### RECORDS FOR THE EXERCISE
===
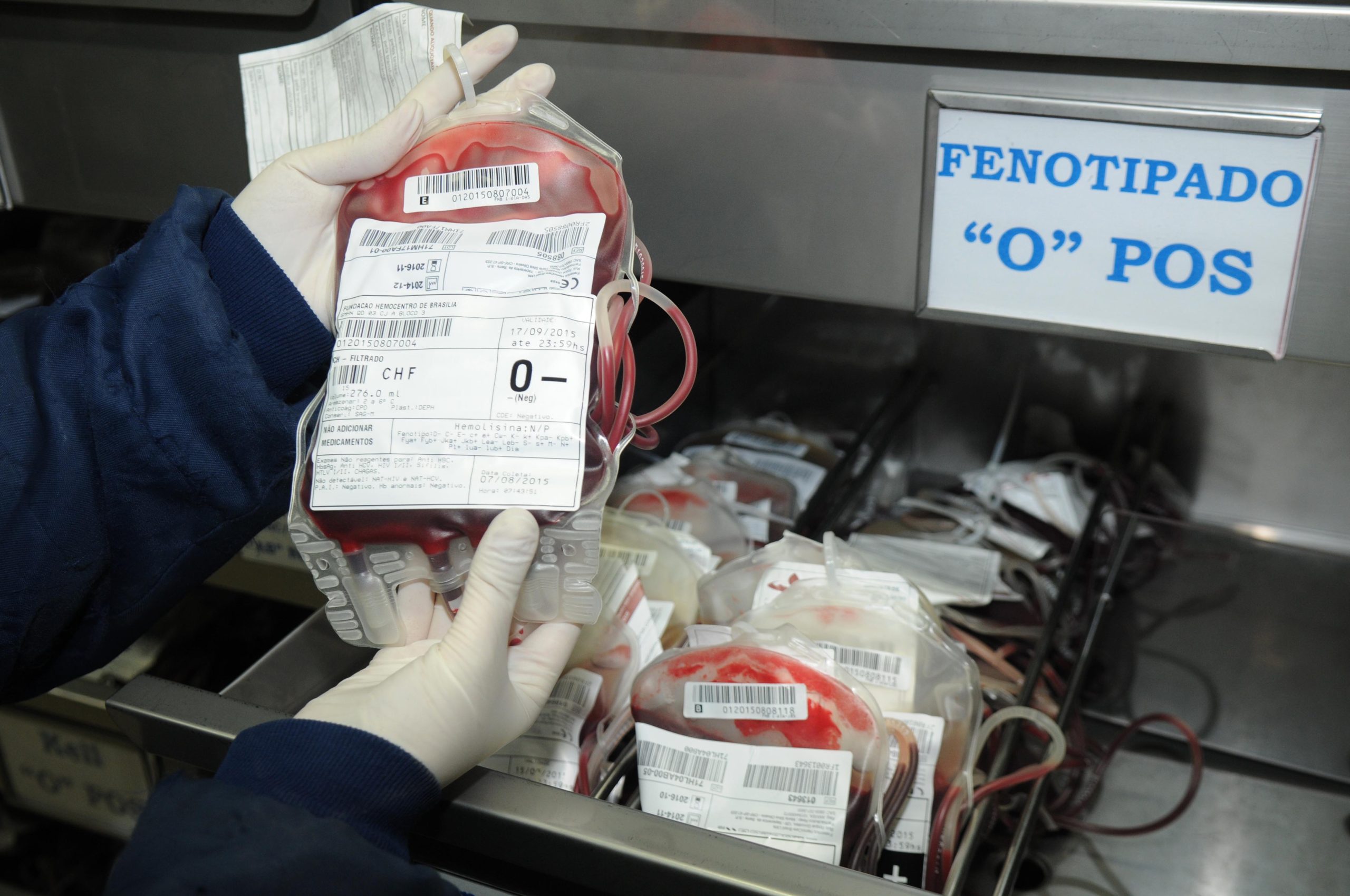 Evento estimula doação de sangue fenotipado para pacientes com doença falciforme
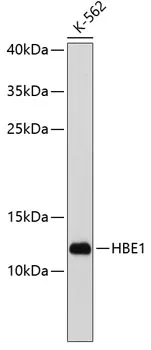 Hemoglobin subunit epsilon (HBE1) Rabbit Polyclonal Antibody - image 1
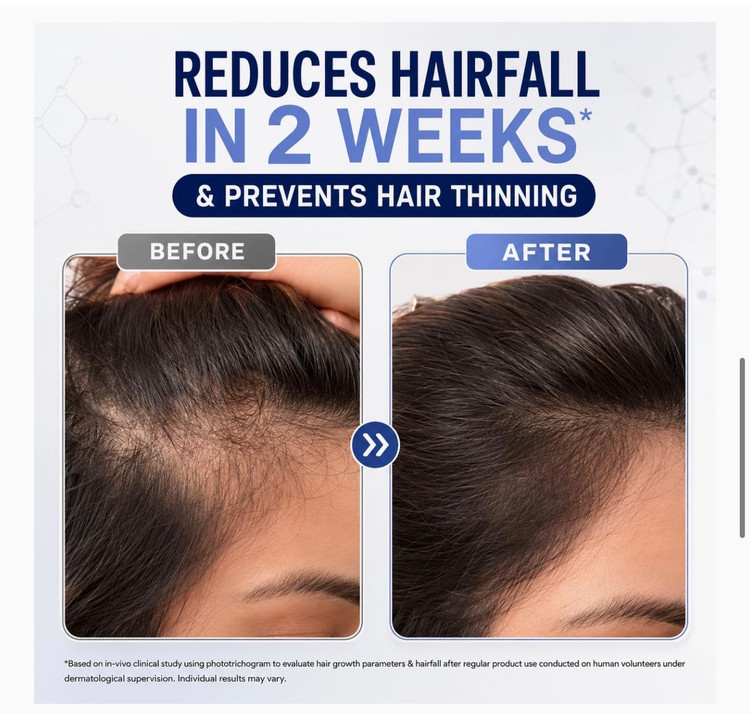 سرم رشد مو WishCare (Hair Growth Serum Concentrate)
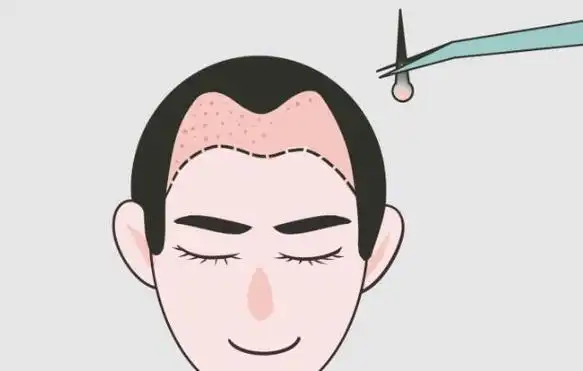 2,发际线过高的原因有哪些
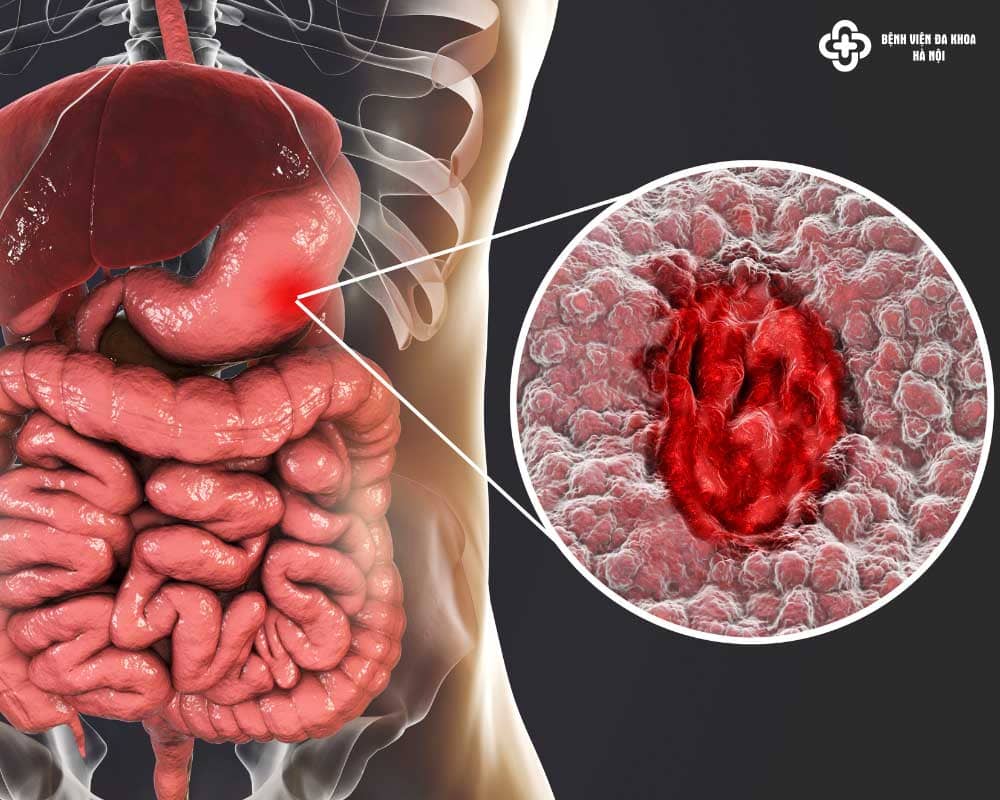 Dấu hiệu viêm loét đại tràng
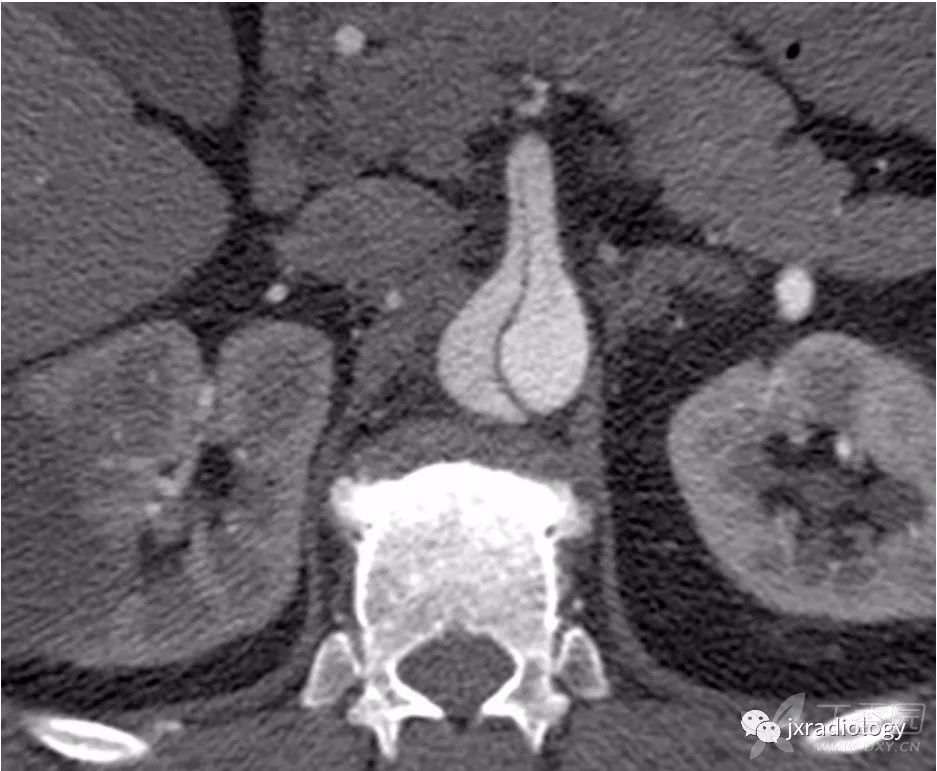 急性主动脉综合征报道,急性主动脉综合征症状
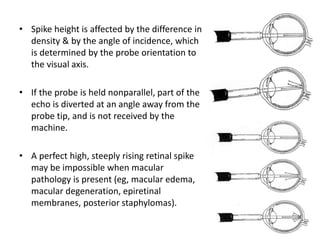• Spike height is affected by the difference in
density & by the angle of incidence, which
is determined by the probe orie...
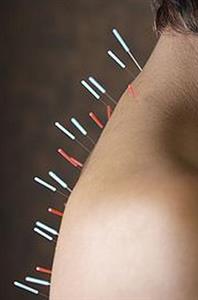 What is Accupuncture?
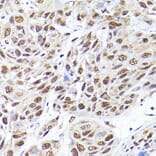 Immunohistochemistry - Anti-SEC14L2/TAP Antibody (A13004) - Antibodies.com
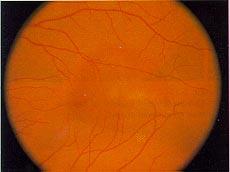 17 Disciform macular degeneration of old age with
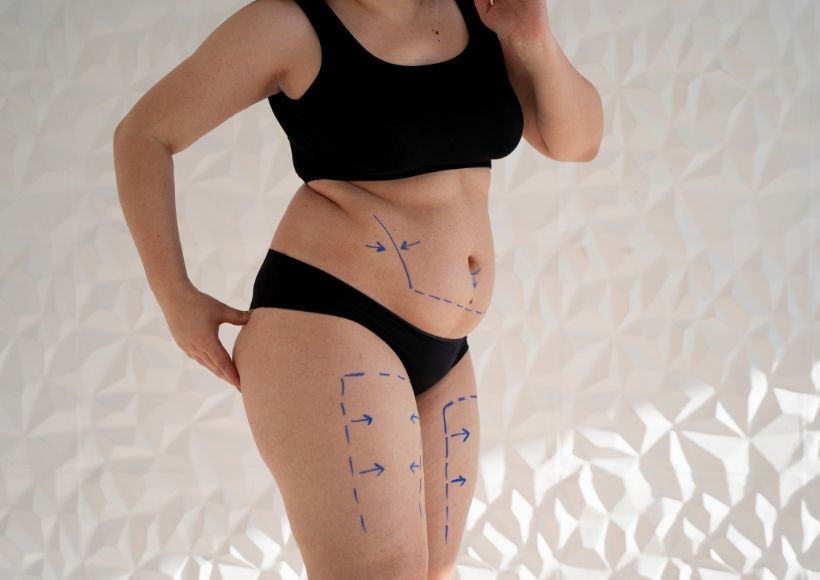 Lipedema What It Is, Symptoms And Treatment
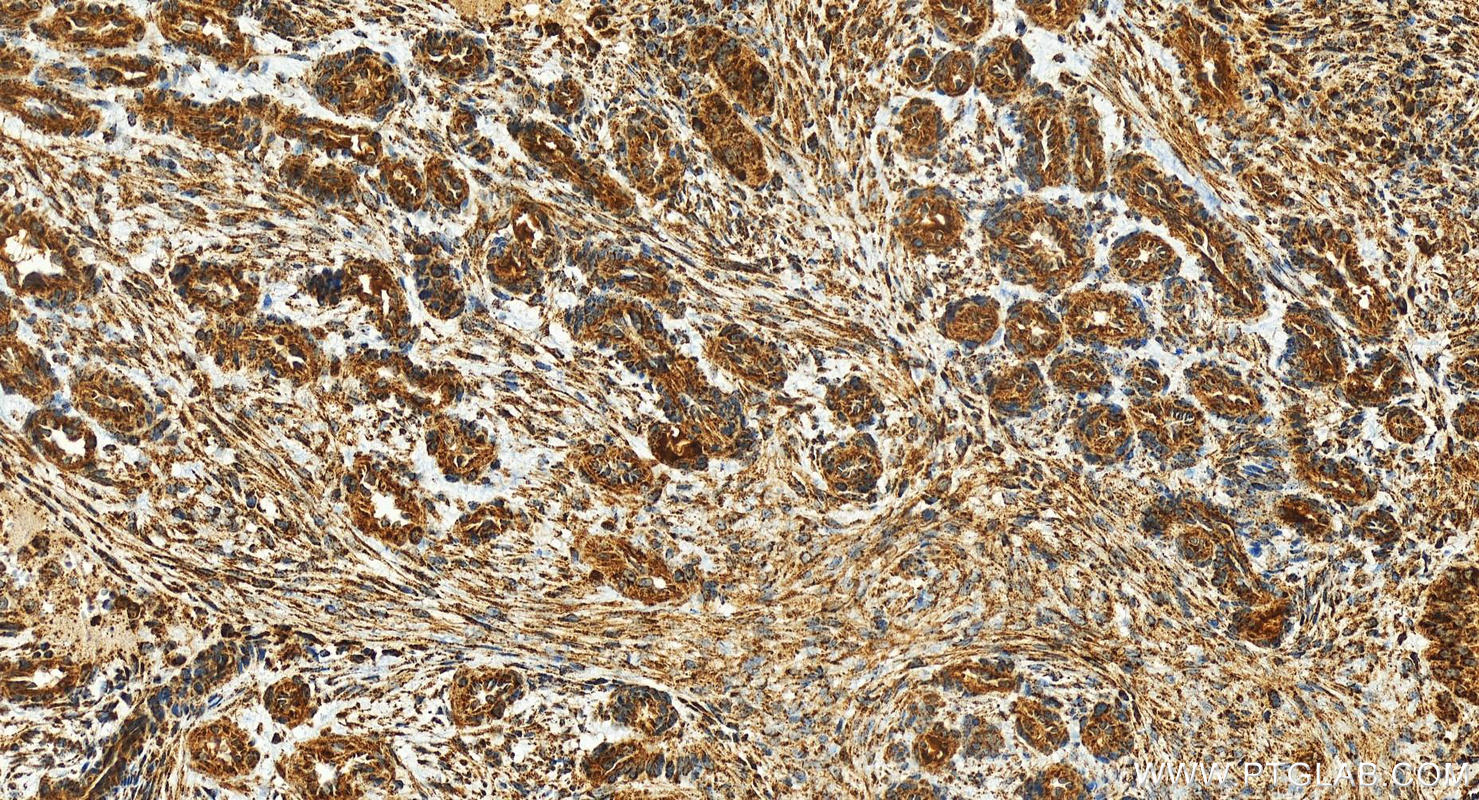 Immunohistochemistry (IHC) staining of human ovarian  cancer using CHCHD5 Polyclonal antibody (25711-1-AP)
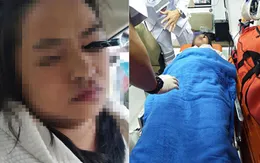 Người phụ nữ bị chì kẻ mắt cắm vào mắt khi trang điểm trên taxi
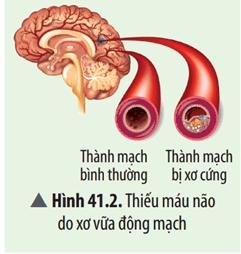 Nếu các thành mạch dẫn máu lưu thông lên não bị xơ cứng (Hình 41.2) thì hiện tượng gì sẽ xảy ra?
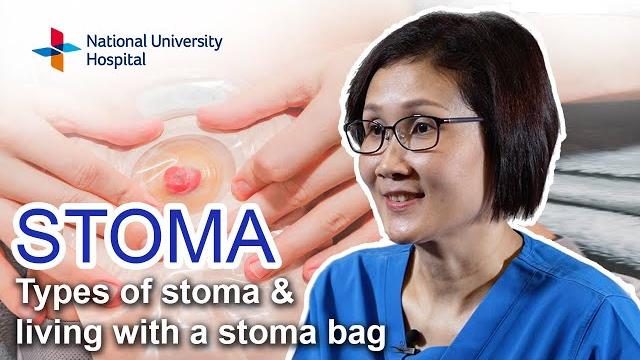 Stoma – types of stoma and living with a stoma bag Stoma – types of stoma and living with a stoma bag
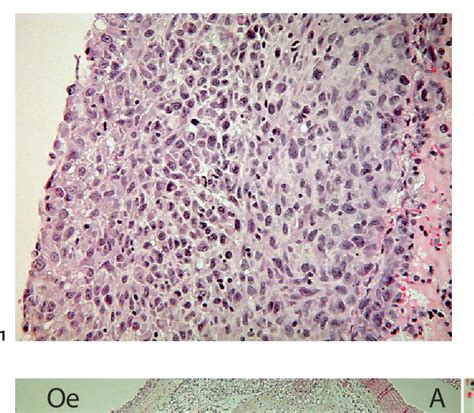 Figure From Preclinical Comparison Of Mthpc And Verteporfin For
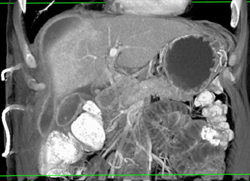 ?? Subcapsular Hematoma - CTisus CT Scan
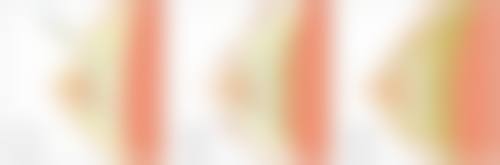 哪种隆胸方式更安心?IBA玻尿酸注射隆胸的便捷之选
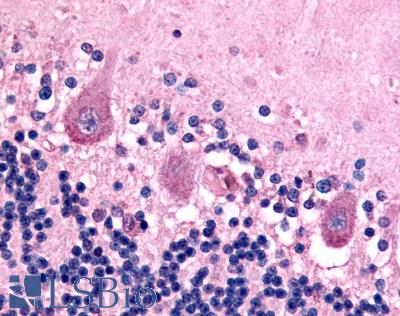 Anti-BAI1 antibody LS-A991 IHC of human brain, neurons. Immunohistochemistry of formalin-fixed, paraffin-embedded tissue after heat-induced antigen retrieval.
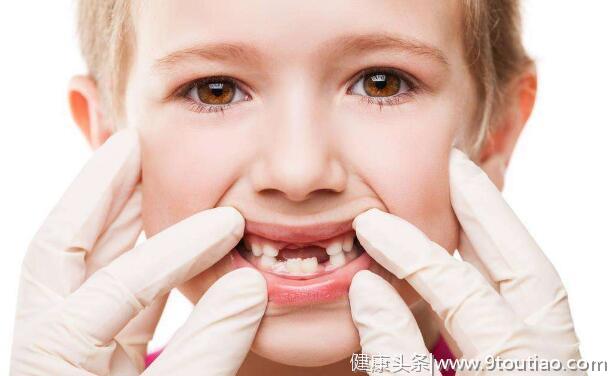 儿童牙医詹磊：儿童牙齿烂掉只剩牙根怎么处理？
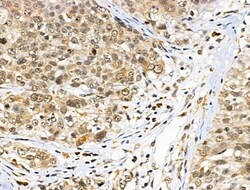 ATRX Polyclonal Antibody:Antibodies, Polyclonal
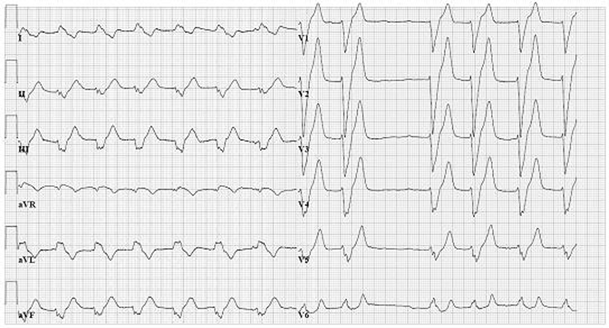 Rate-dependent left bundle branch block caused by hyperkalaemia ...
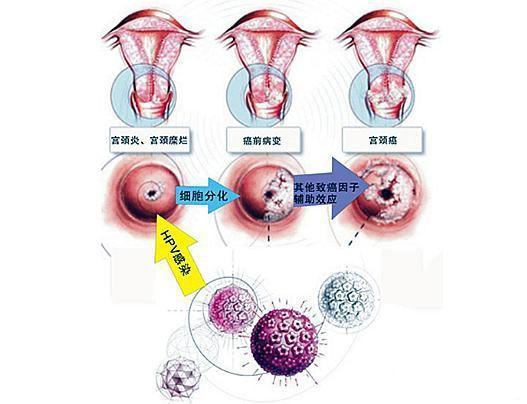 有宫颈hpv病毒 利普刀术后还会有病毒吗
===
Would you return the whole listing exactly, without the pictures?

### RESULT FOR THIS EXERCISE
 Evento estimula doação de sangue fenotipado para pacientes com doença falciforme
 Hemoglobin subunit epsilon (HBE1) Rabbit Polyclonal Antibody - image 1
 سرم رشد مو WishCare (Hair Growth Serum Concentrate)
 2,发际线过高的原因有哪些
 Dấu hiệu viêm loét đại tràng
 急性主动脉综合征报道,急性主动脉综合征症状
• Spike height is affected by the difference in
density & by the angle of incidence, which
is determined by the probe orie...
 What is Accupuncture?
 Immunohistochemistry - Anti-SEC14L2/TAP Antibody (A13004) - Antibodies.com
 17 Disciform macular degeneration of old age with
 Lipedema What It Is, Symptoms And Treatment
 Immunohistochemistry (IHC) staining of human ovarian  cancer using CHCHD5 Polyclonal antibody (25711-1-AP)
 Người phụ nữ bị chì kẻ mắt cắm vào mắt khi trang điểm trên taxi
 Nếu các thành mạch dẫn máu lưu thông lên não bị xơ cứng (Hình 41.2) thì hiện tượng gì sẽ xảy ra?
 Stoma – types of stoma and living with a stoma bag Stoma – types of stoma and living with a stoma bag
 Figure From Preclinical Comparison Of Mthpc And Verteporfin For
 ?? Subcapsular Hematoma - CTisus CT Scan
 哪种隆胸方式更安心?IBA玻尿酸注射隆胸的便捷之选
 Anti-BAI1 antibody LS-A991 IHC of human brain, neurons. Immunohistochemistry of formalin-fixed, paraffin-embedded tissue after heat-induced antigen retrieval.
 儿童牙医詹磊：儿童牙齿烂掉只剩牙根怎么处理？
 ATRX Polyclonal Antibody:Antibodies, Polyclonal
 Rate-dependent left bundle branch block caused by hyperkalaemia ...
 有宫颈hpv病毒 利普刀术后还会有病毒吗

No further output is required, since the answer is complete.